Leipzig, B. G. Teubner, 1903. 8vo. Bound with the original wrappers in contemporary half cloth with gilt lettering to spine. In "Jahresbericht der Deutschen Mathematiker-Vereinigung", 12. Band. 6. Heft. Juni. Bound with all issues from December 1902 till December 1903 (all issues with wrappers). Pp. 319-324; Pp. 368-375. [Entire volume: VI, 602 pp.].


First appearance of Frege's important paper on the role of axioms in mathematical theories, describing the correct way to demonstrate consistency and independence results for such axioms.
The two papers was Frege's response to Hilbert's "Grundlagen der Geometrie" which inaugurated the famous Frege-Hilbert Controversy.

"Hilbert's lecture [Grundlagen der Geometrie] inspired a sharp reaction from his contemporary Gottlob Frege, who found both Hilbert's understanding of axioms, and his approach to consistency and independence demonstrations, virtually incomprehensible and at any rate seriously flawed.
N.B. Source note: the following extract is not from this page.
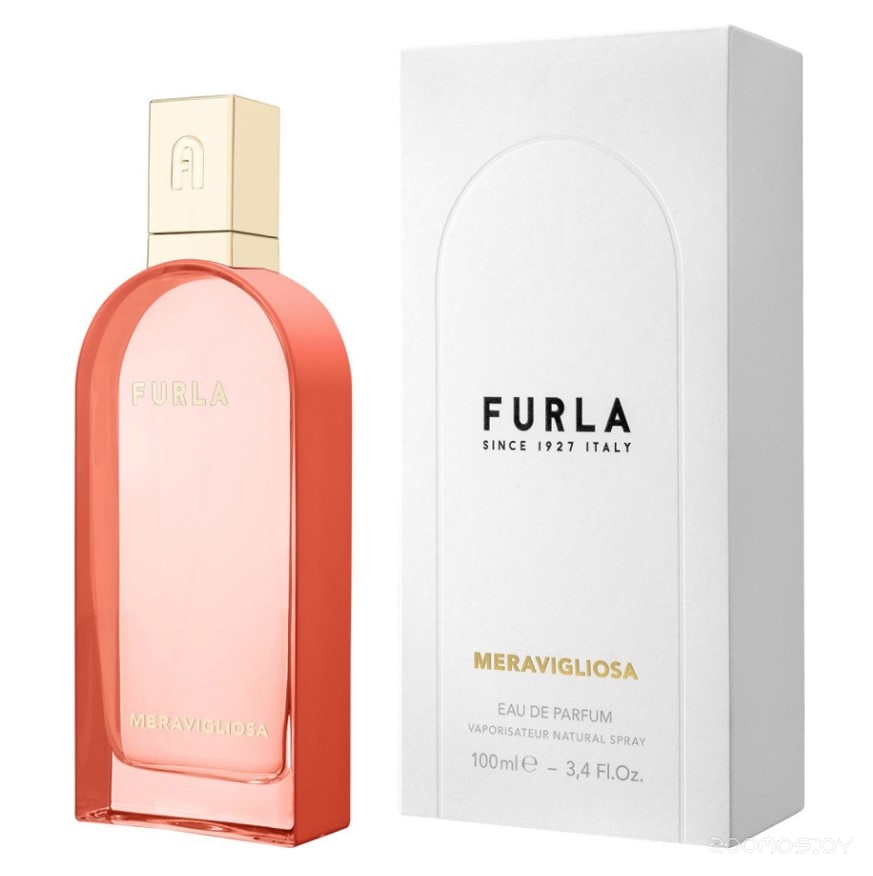 Вода 100мл парфюмерная MERAVIGLIOSA FURLA 300612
Frege's reaction is first laid out in his correspondence with Hilbert from December 1899 to September 1900, and subsequently in two series of essays (both entitled "On the Foundations of Geometry") published in 1903 and 1906. Hilbert was never moved by Frege's criticisms, and did not respond to them after 1900. Frege, for his part, was never convinced of the reliability of Hilbert's methods, and held until the end that the latter's consistency and independence proofs were fatally flawed."(SEP).

"Frege felt that his view represented a traditional understanding of this notion, and that Hilbert's departure from this understanding led to a confusion about axioms that undermined many of the sorts of results, in particular, the independence of the axioms of geometry, that Hilbert saw as major mathematical achievements. Symptomatic of Hilbert's confusion, according to Frege, was Hilbert's claiming that axioms could serve to define; the reason that this is a confusion, according to Frege, is that axioms and definitions are statements of wholly different types." (Antonelli, Frege's New Science).
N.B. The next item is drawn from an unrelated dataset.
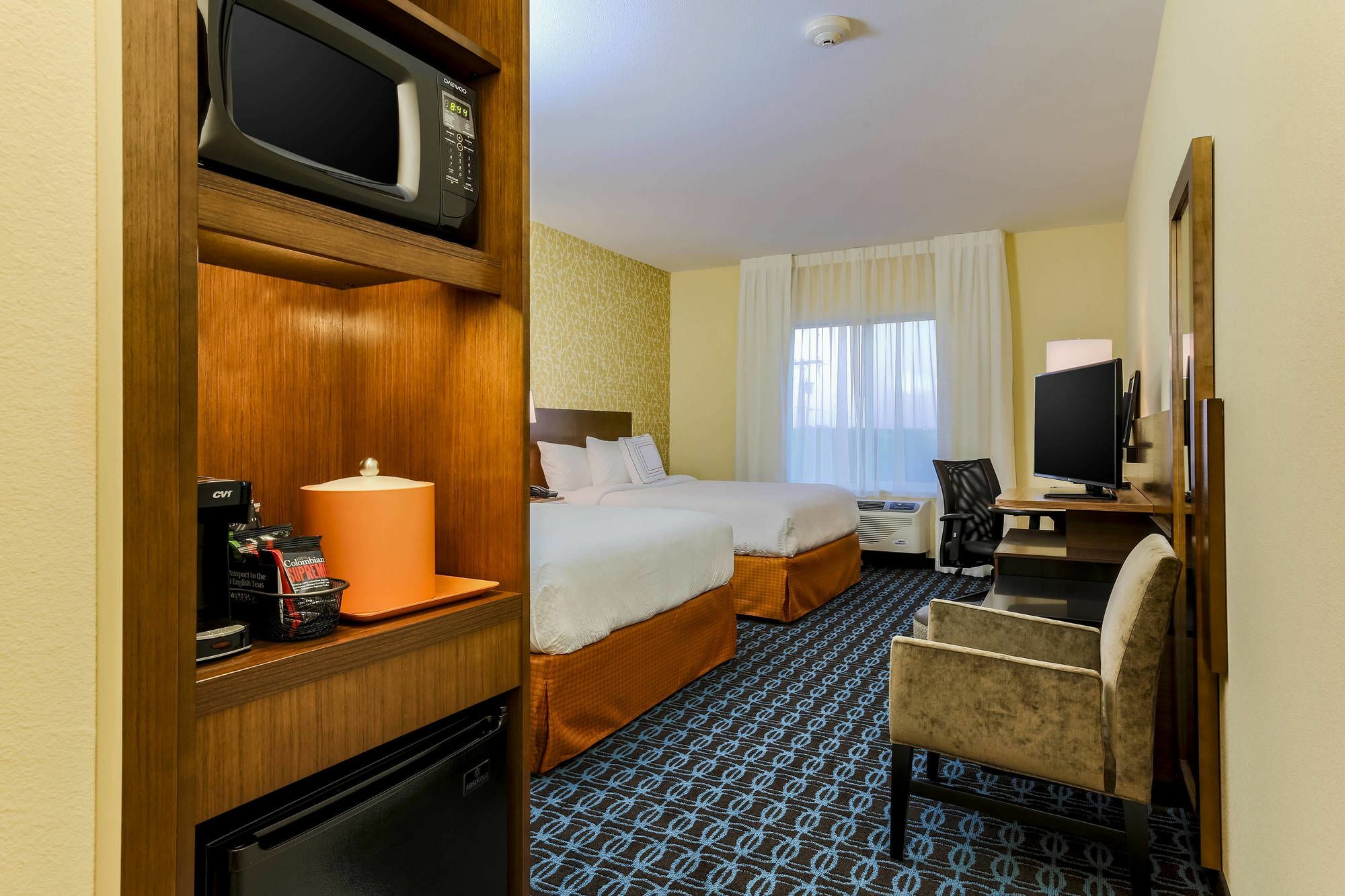 Fairfield Inn & Suites By Marriott Snyder Kültér fotó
Friedrich Ludwig Gottlob Frege (1848 - 1925) was a German mathematician, but his main contributions lie in his becoming a logician and a philosopher, who influenced the fields of logic and analytic philosophy immensely. Together with Wittgenstein, Russel and Moore, Frege is considered the founder of analytic philosophy, and a main founder of modern mathematical logic. In the preface of the "Principia Mathematica" Russell and Whitehead state that "In all questions of logical analysis our chief debt is to Frege" (p. VIII). His influence on 20th century philosophy has been deeply profound, especially in the English speaking countries from the middle of the 20th century and onwards; in this period most of his works were translated into English for the first time.
The philosophical papers of Frege were published in Germany in scholarly journals, which were barely read outside of German speaking countries. The first collections of his writings did not appear until after the Second World War, and Frege was little known as a philosopher during his lifetime. He greatly influenced the likes of Russel, wittgenstein and Carnap, though, and bears a great responsibility for the turn modern philosophical thought has taken. Due to his contributions to the philosophy of language, analytic philosophy could be founded as it were.
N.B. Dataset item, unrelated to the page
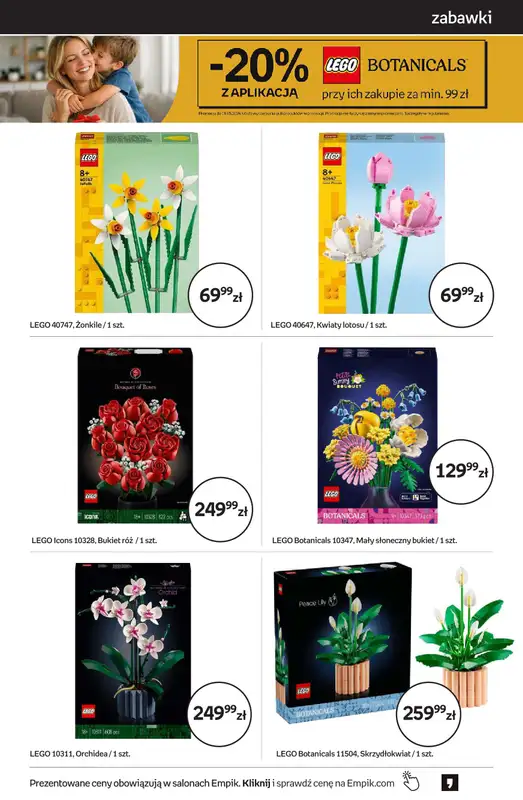 Empik - gazetka promocyjna Dzień Mamy od piątku 15.05 do wtorku 19.05 - strona 3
Instead of answering the question about meaning, Frege here sets out to explore the foundations of arithmetic, beginning with questions such as "What is a number?" In his solutions the answer to the question of meaning could also be found, though, and he permitted himself "the hope that even the philosophers, if they examine what I have written without prejudice, will find in it something of use to them." (p. XIi - Introduction).